Смирнов вдруг подумал, что сделать портрет Нины совсем неплохая мысль. Но снять ее надо обязательно с Сашкой. Придумать простенькую композицию. Вдвоем они будут неплохо смотреться. К примеру, два профиля, глядящих друг на друга. Почти нос к носу. И обязательно поймать разные выражения лиц. В утреннем освещении. Нет, в вечернем, чтоб появилась таинственность, загадка. Надо завтра же поснимать, попробовать.

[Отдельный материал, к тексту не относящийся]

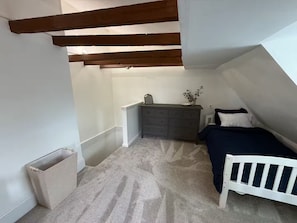 Ein Schlafzimmer mit schrägem Dach, einem Bett, einer Kommode und einer kleinen Pflanze.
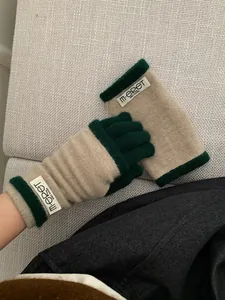 Detail of color-block knit gloves in pumpkin orange and green with woven wrist label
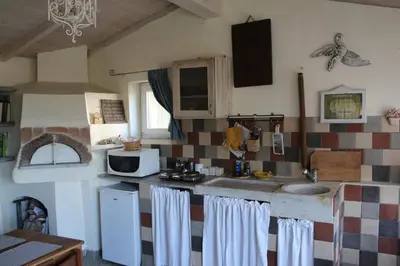 Cucina o angolo cottura di Lo Chalet sul Golfo
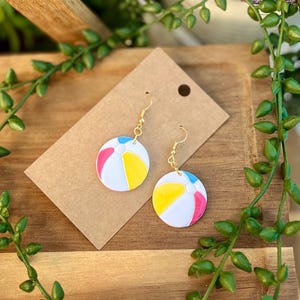 May include: A pair of beach ball earrings with gold-colored hooks. Each earring features a white circle with segments of yellow, pink, and blue. The earrings are displayed on a brown card against a wooden background, with green foliage.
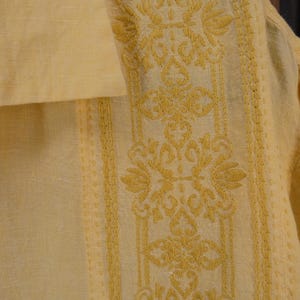 May include: A close-up of a pale yellow shirt with detailed yellow embroidery. The embroidery showcases a floral and geometric design down the centre and edges. The fabric appears to be linen or a similar lightweight material, ideal for warmer weather.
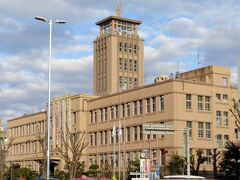 JR大牟田駅前のクラシカルな建物は「大牟田市庁舎」です。
市役所の焼失の後、1936年（昭和11年）に落成したそうです。
この写真は斜め方向から撮影したので、今一つわかりにくいのですが、左右対称のバランスの取れた四階建て（写真では一階部分が写っていません）で、中央に塔屋が置かれた建物で、第二次大戦の空襲にも耐えました。
大牟田市のシンボル的建物ですが、建て替えの話も出ていて、賛否両論です。確かに横に長く、増築を繰り返しているので、段差を解消するためにスロープがあったり、複雑な構造になっています。
エレベーターも多分後付けなので、正面玄関からかなり離れた端の方にあります。
市民も職員の方たちも使いにくい建物かとは思うので、建て替えの必要性はわかりますが、この重厚な建物、どんな形でも良いから是非残してもらいたいと思います。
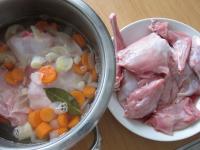 Put prepared rabbit meat into marinade and let it...
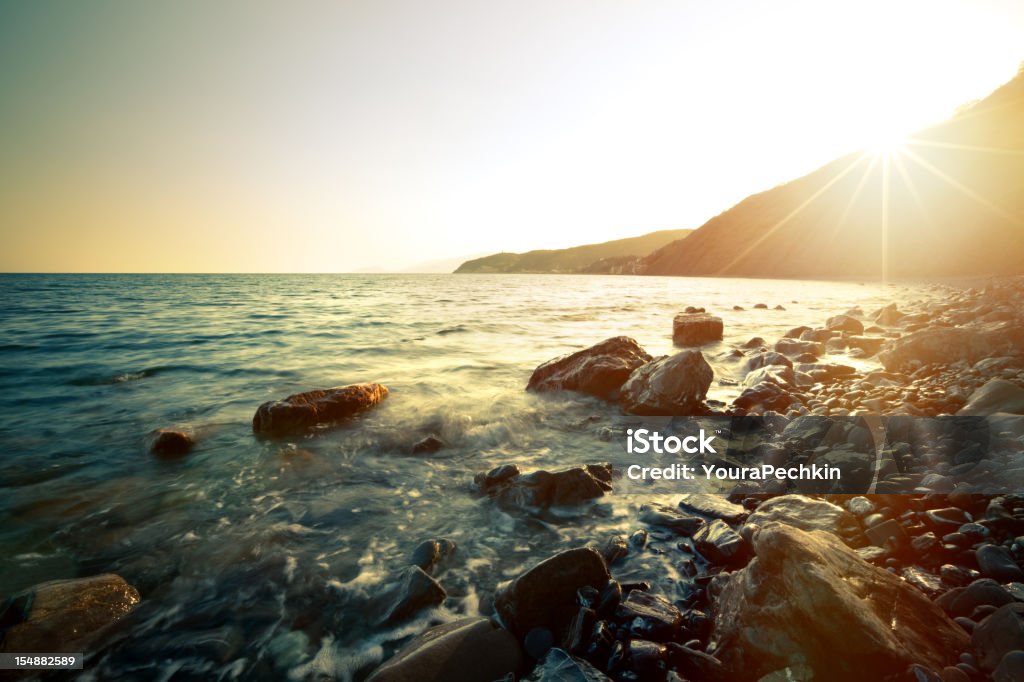 Morze Zachód słońca - Zbiór zdjęć royalty-free (Fotografika)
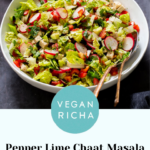 chaat masala salad in the mixing bowl with serving spoons, text overlay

До Могилевского он дозвонился, записал имена и отчества одного чиновника в министерстве и чиновницы в мэрии. Но сейчас праздники, и до десятого января вряд ли удастся до кого-то дозвониться, а ждать нет сил. Сан Саныч уже на пределе. Да и надо что-то решать, отпуск у него скоро кончается. Скорее всего, он будет увольняться с работы, надо готовиться к выставке, а потом к выпуску книги, да и денег пока хватит. Но ему хотелось бы поехать в Нижнюю Курью и там плотно поснимать. Героев на полвыставки хватит.
Смирнов печатал и проявлял один снимок за другим. Первый сделал контрастным, второй — мягким, размытым, в третьем оставил только оба лица, пригасив все остальное. Сан Саныч искал, экспериментировал, и Сашка терпеливо сидел рядом, следил за его движениями, не выказывая признаков нетерпения или беспокойства. Смирнов сам ахнул, взглянув на часы.
— Батюшки, мама там нас, наверное, потеряла! — воскликнул он и помчался к телефону.
Он проявлял у Дениса, отважившись поехать к нему, несмотря на то что Климов знал эту квартиру и мог установить за ней наблюдение. Но Сан Саныч не мог ждать, он хотел сам удостовериться, что ему удалось снять отличный кадр и у него появится еще одна стоящая работа. А такое случается не часто. Тем более что выставка в Париже — это его звездный час, и он должен показать там все, на что способен. Другой возможности не будет. Время еще есть, но он должен вкалывать каждый день, не теряя ни минуты. Морозов торчал на своем дежурстве, и можно было не суетиться, попробовать разные варианты. И Сашка оказался на редкость понимающим, просто золотым помощником.